Assignment:
Here is the task for the listing below: output exactly the lines from the one containing "AMG Horizontal Stripes" through the one containing "1.55 Carat Round Lab Diamond", and leave out the pictures.

Dataset records:

--- --- ---

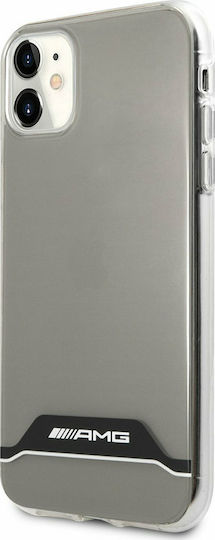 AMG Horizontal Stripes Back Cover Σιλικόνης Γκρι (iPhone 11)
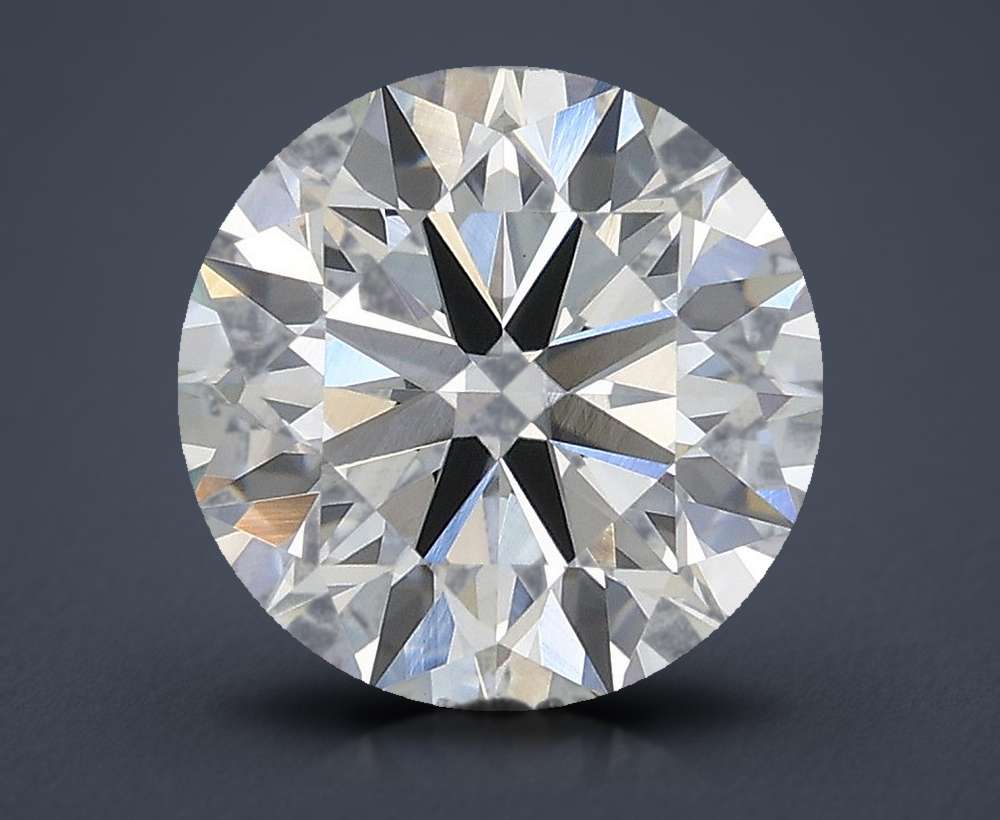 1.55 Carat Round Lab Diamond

--- --- ---

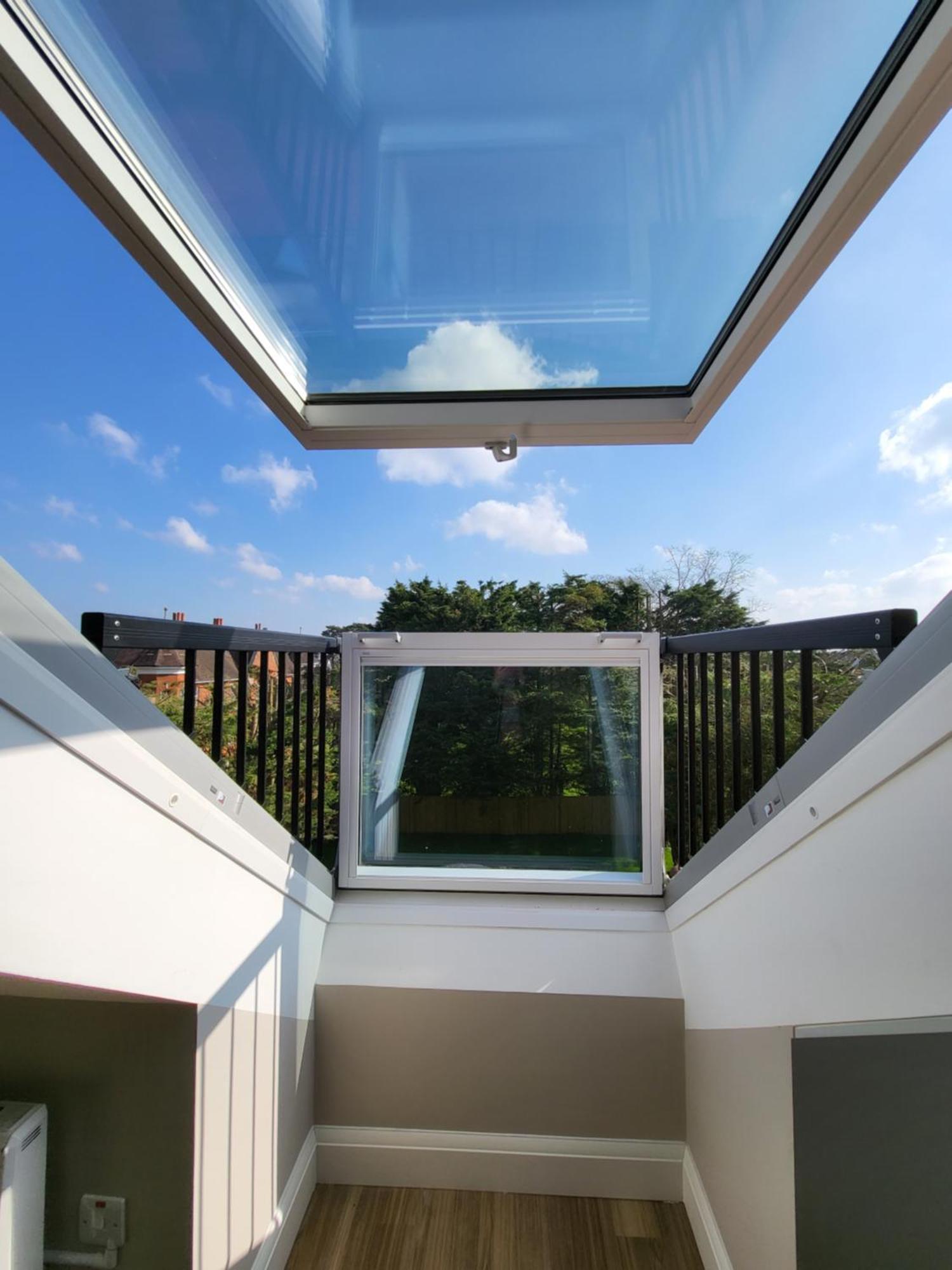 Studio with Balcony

--- --- ---

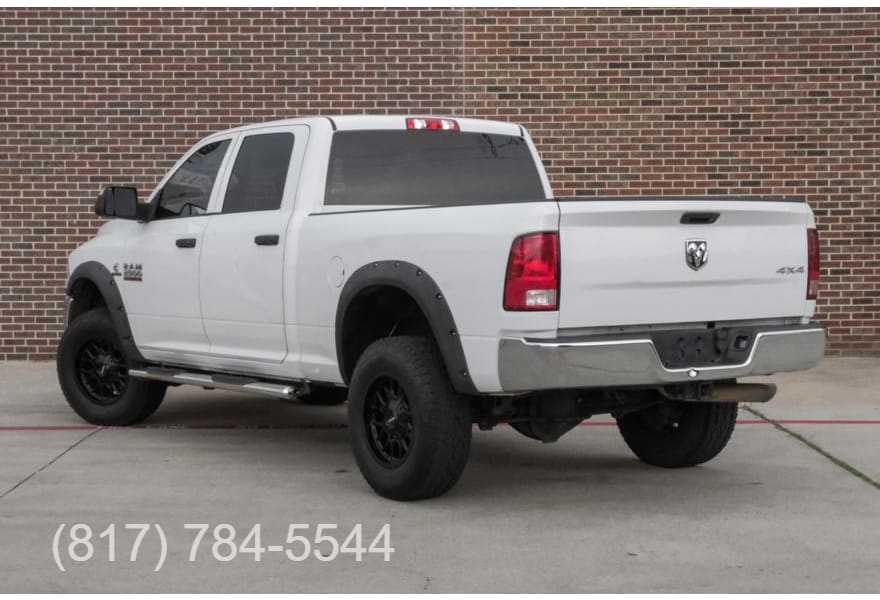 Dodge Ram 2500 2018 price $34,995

--- --- ---

Result:
 AMG Horizontal Stripes Back Cover Σιλικόνης Γκρι (iPhone 11)
 1.55 Carat Round Lab Diamond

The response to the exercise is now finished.